Le général Billot ! J’avoue que ce nom, tombé là en coup de foudre, me stupéfia. Comment le général Billot pouvait-il savoir qu’il n’y avait pas de dossier judiciaire ? Il s’en était donc assuré, et les recherches avaient donc été bien mal faites, pour qu’on n’eût pas trouvé ce dossier, qui existait ? Mais alors le général Billot devait s’être occupé de toute l’histoire, il devait être au courant, il n’avait ignoré ni la demande du dossier, ni la communication. Remarquez que la chute du ministère Méline, dont le général faisait partie, est du 15 juin 1898, et que le général est resté chargé de l’expédition des affaires jusqu’au 29 juin, date de l’arrivée de M. Cavaignac au pouvoir. Or, la lettre Combe n’a été publiée par le Petit Journal que le 18 juillet, et le général Billot ne pouvait rien savoir par le dehors de la communication du dossier, c’était donc qu’il y avait une question du dossier au ministère. Tout cela donne lieu aux suppositions les plus inquiétantes.
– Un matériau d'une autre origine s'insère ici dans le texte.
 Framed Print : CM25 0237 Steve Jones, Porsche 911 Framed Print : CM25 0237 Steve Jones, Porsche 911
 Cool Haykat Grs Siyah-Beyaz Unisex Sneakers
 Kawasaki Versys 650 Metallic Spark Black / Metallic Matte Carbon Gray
J’ai voulu savoir s’il avait fallu des prodiges d’intelligence pour retrouver le dossier judiciaire, et j’ai demandé à M. le contrôleur général Cretin si les recherches avaient donné beaucoup de peine.

— Oh ! mon Dieu, non ! m’a-t-il répondu, le temps matériel de faire les fouilles nécessaires.
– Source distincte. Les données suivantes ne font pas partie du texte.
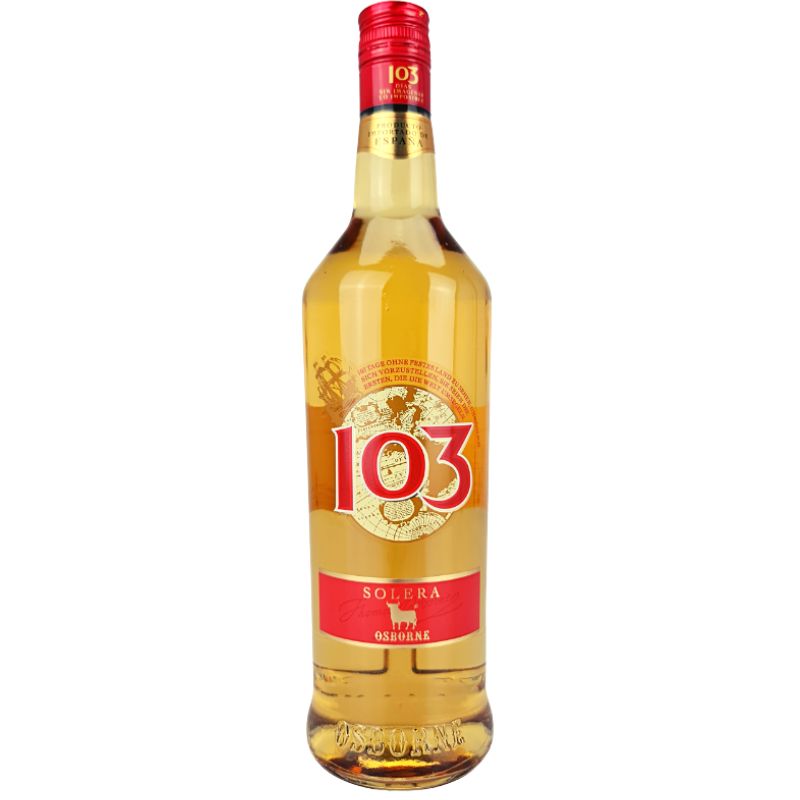 Osborne 103 Etiqueta Blanca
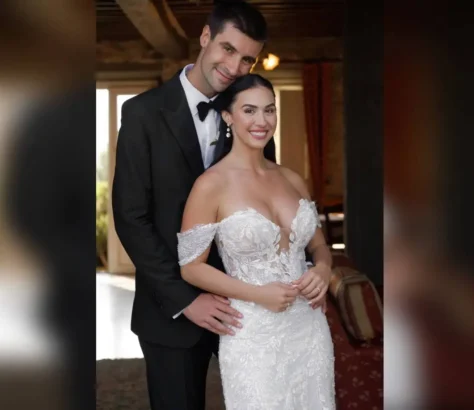 Lauren Gottlieb Marries Tobias Jones In Dreamy Italian Ceremony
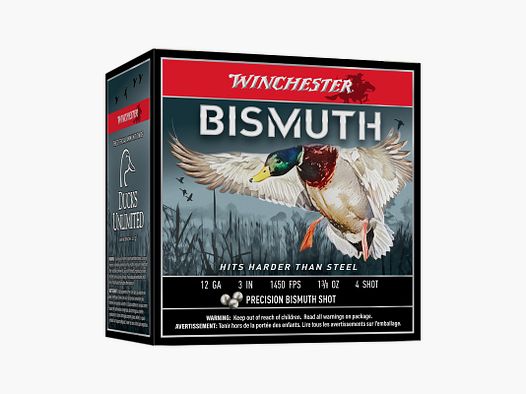 WINCHESTER 12/76 39G 3,0 MM BISMUTH S4 25 STK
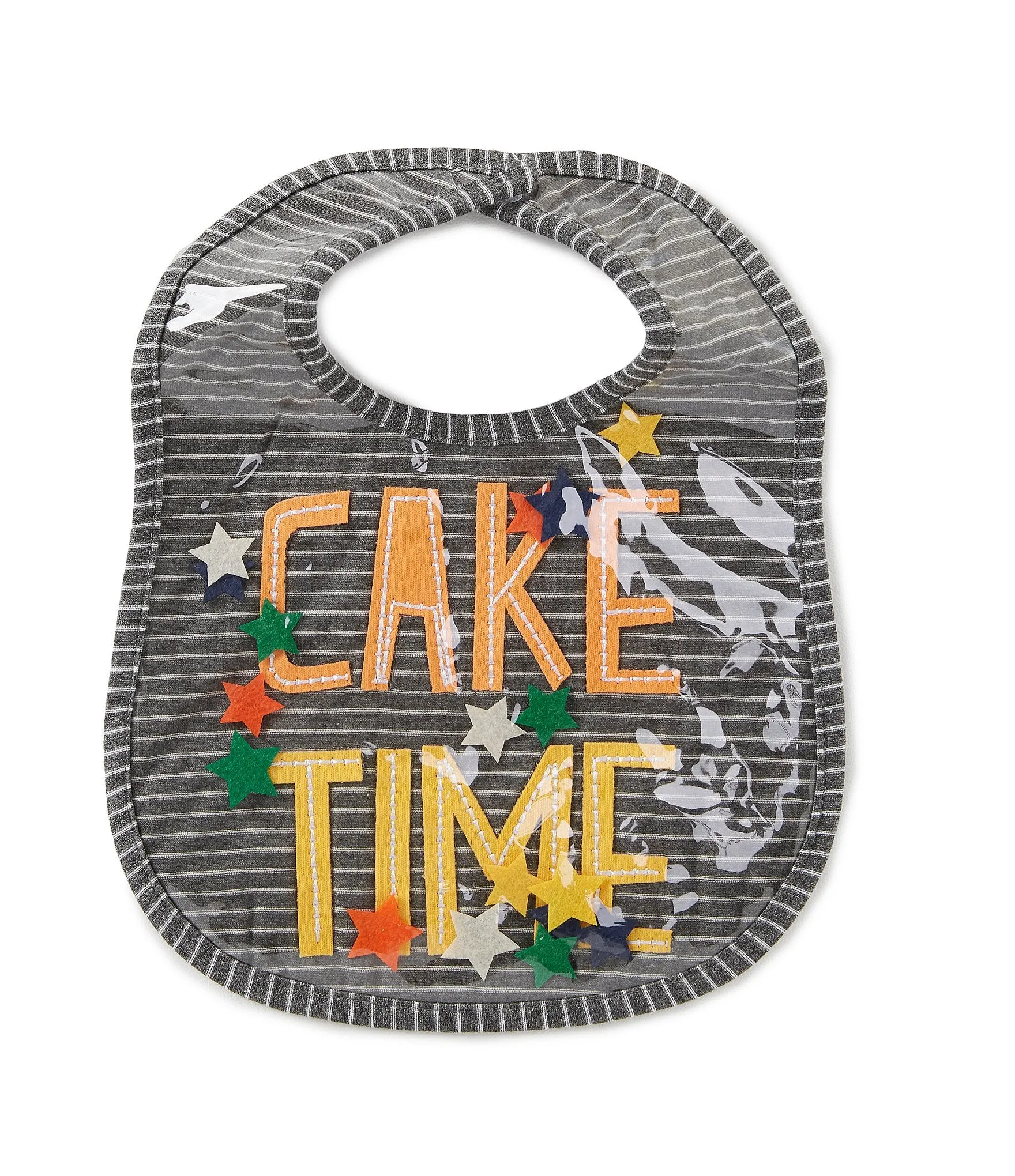 Cake Time Bib
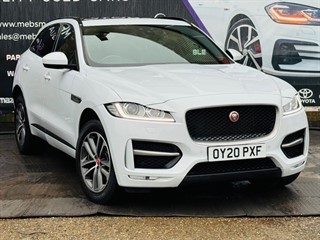 Used Jaguar F-Pace from Mebs Motors
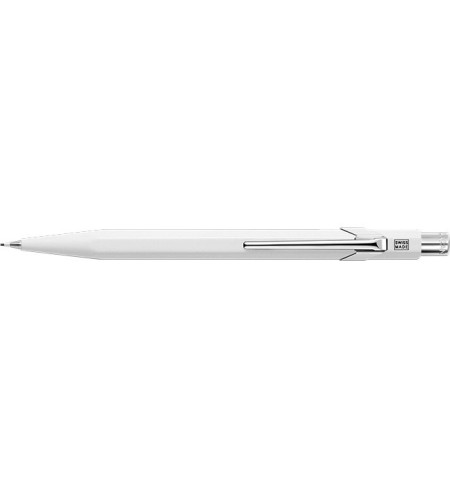 PORTE-MINE 0.7mm CARAN D'ACHE CORPS BLANC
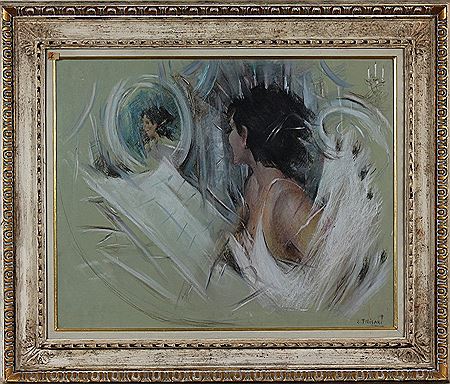 Ritratto allo specchio.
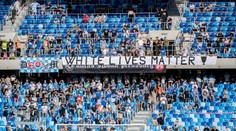 Za transparent dostal Slovan od futbalového zväzu pokutu 3000 eur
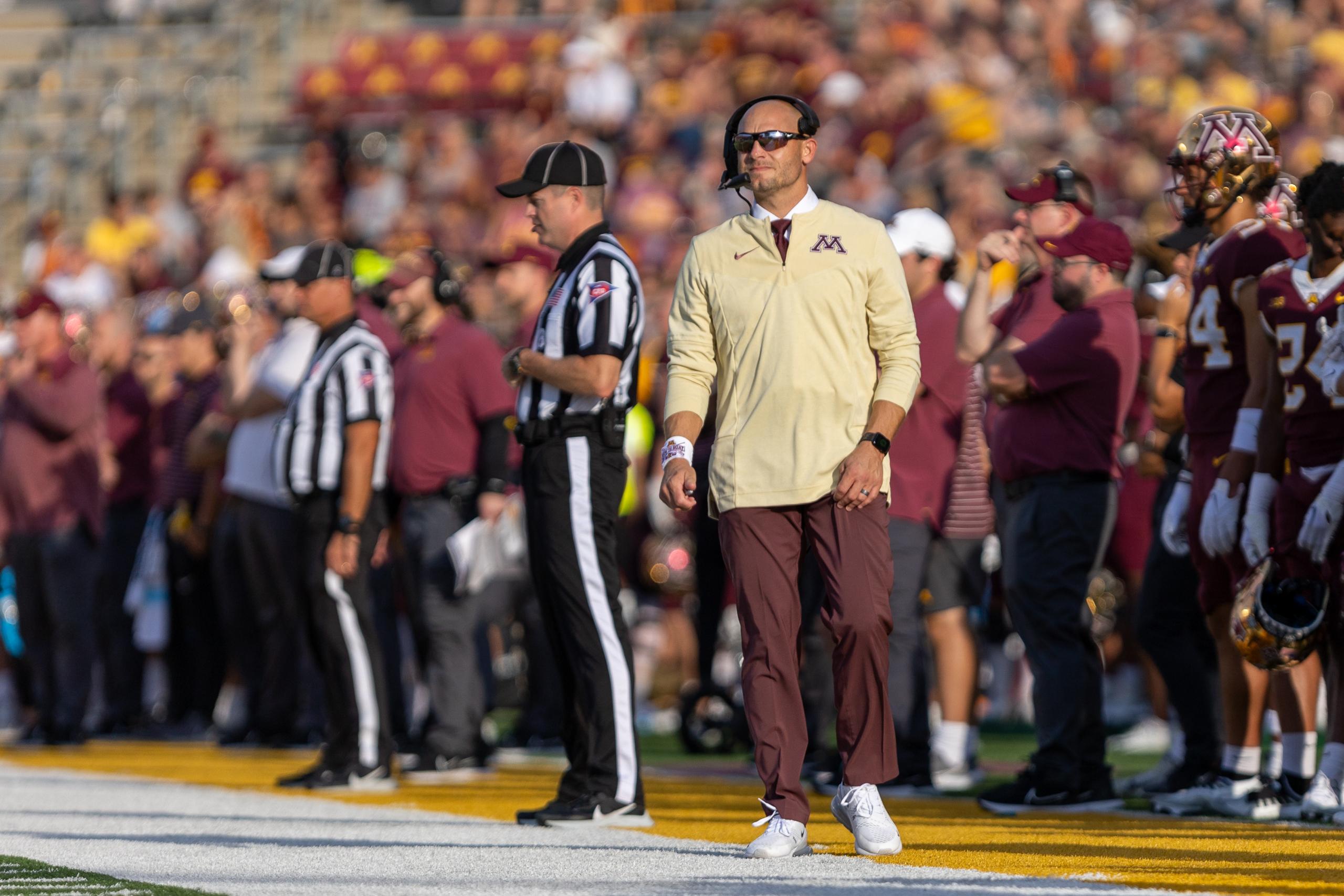 NCAA Football: Colorado at Minnesota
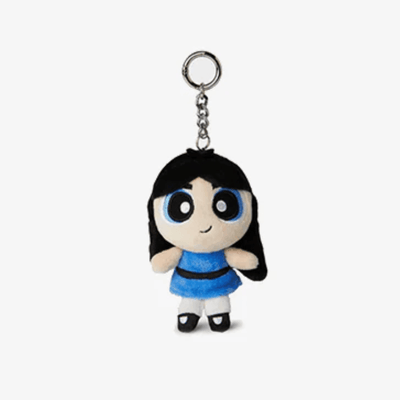 Porte Clef Peluche New Jeans Super Nana Poupées Merch Powerpuff Girls Bunny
Je n’ose risquer des hypothèses. Celle qui s’est invinciblement emparée de mon esprit est que, si l’on a eu connaissance de la lettre du duc de Rovigo, et si l’on a préféré la replonger dans l’oubli poudreux des documents qu’on ne trouve plus, c’était donc qu’on préférait ne pas affaiblir, en la produisant, les virulences du colonel Combe. Elle mettait sur la voie de la vérité, elle gênait, elle devait dormir.

Puis, je me suis dit tout d’un coup que M. Hennet, lorsque le colonel Henry lui avait renvoyé le dossier, ne devait pas avoir donné à ce dossier une belle chemise neuve, ni l’avoir pourvu de cotes et d’un bordereau, pour le plaisir de cette besogne singulière, et de sa propre autorité. Il obéissait sûrement à un ordre supérieur, en ne replaçant pas le dossier dans la nécropole commune, en le classant parmi les documents sérieux et utiles. Mais alors, dès ce moment, le ministre s’occupait donc de ce pauvre dossier ? Rapprochons les dates. M. Hennet dit l’avoir communiqué dans la première quinzaine de mars au colonel Henry, qui ne l’aurait pas gardé longtemps. J’ai fait remarquer le vague de ces indications. La seule date certaine est celle du 8 juin 1898, à laquelle M. Raveret a « clos » le bordereau. C’est le 23 et le 25 mai que M. Judet avait commencé sa campagne, et il n’a donné les lettres du colonel Combe que le 18 juillet, près de deux mois plus tard. Or, comme le général Billot n’a quitté le ministère que le 29 juin, il semble bien que le dossier de mon père a été organisé sous ses ordres, de même que le dossier Dreyfus allait être organisé sous les ordres de M. Cavaignac, dès son arrivée au pouvoir.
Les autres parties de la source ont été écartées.